Now, the different cases formed are:
$1.\left( {\alpha ,\beta ,\gamma } \right) = \left( {2,3,4} \right) \Rightarrow \left( {x,2y,4z} \right) = \left( {2,3,4} \right) \Rightarrow \left( {x,y,z} \right) = \left( {2,\dfrac{3}{2},1} \right))$$2.\left( {\alpha ,\beta ,\gamma } \right) = \left( {2,4,3} \right) \Rightarrow \left( {x,2y,4z} \right) = \left( {2,4,3} \right) \Rightarrow \left( {x,y,z} \right) = \left( {2,2,\dfrac{3}{4}} \right)$ $3.\left( {\alpha ,\beta ,\gamma } \right) = \left( {3,2,4} \right) \Rightarrow \left( {x,2y,4z} \right) = \left( {3,2,4} \right) \Rightarrow \left( {x,y,z} \right) = \left( {3,1,1} \right)$ $4.\left( {\alpha ,\beta ,\gamma } \right) = \left( {3,4,2} \right) \Rightarrow \left( {x,2y,4z} \right) = \left( {3,4,2} \right) \Rightarrow \left( {x,y,z} \right) = \left( {3,2,\dfrac{1}{2}} \right)$ $5.\left( {\alpha ,\beta ,\gamma } \right) = \left( {4,2,3} \right) \Rightarrow \left( {x,2y,4z} \right) = \left( {4,2,3} \right) \Rightarrow \left( {x,y,z} \right) = \left( {4,1,\dfrac{3}{4}} \right)$ $6.\left( {\alpha ,\beta ,\gamma } \right) = \left( {4,3,2} \right) \Rightarrow \left( {x,2y,4z} \right) = \left( {4,3,2} \right) \Rightarrow \left( {x,y,z} \right) = \left( {4,\dfrac{3}{2},\dfrac{1}{2}} \right)$
Clearly the possible solutions (x, y, z) to the system of equations for which at least two of x, y, z are integers are (1), (2), (3), (4), (5).

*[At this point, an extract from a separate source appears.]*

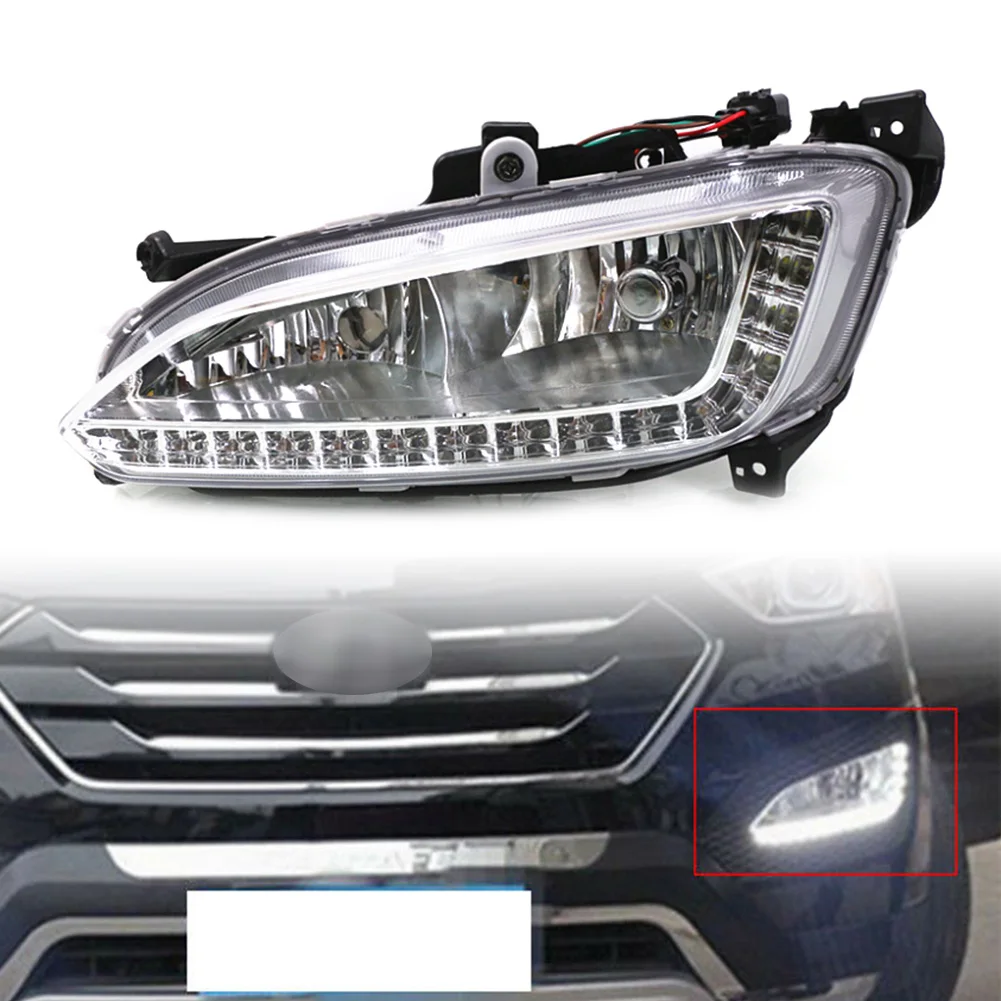 1pcs Auto LED DRL Daytime Running Light Front Right Fog Lamp Left side For Hyundai IX45 Santa Fe 2013 2014 2015 Car Accessories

So total 5 numbers of solutions (x, y, z) to the system of equations are possible for which at least two of x, y, z are integers.

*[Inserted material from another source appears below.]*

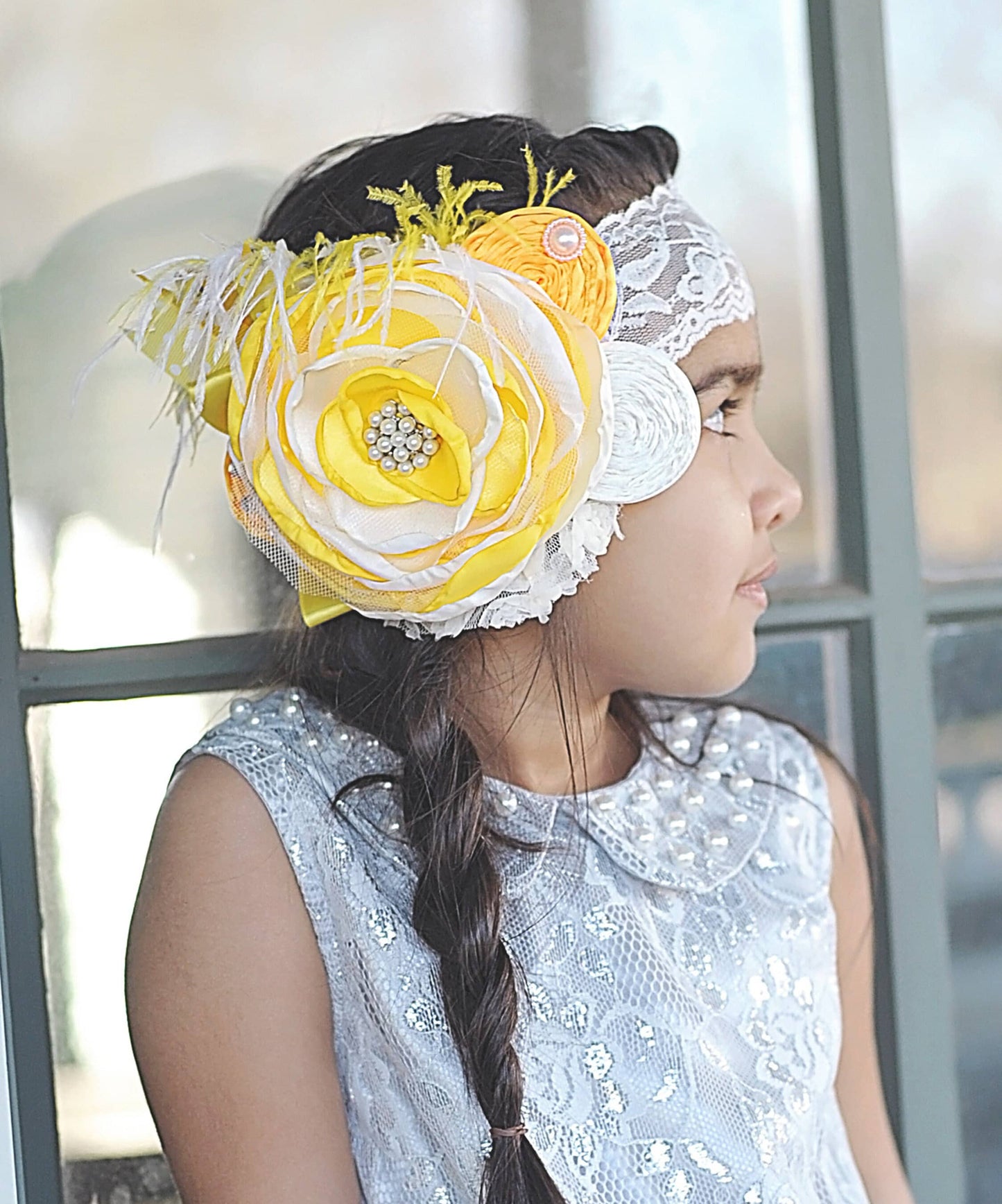 Yellow Flower and Feather Headband- Flower Headband, Flower Crown, Flower Headpiece, Flower Girl, Boho Flower Crown, flower crown headband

So, the correct answer is “Option B”.

Note: These types of problems are usually solved by converting the system of equations into a polynomial with the help of the sum of roots, product of roots and sum of product of more than one root at a time. The number of roots of a polynomial is equal to the degree of that polynomial.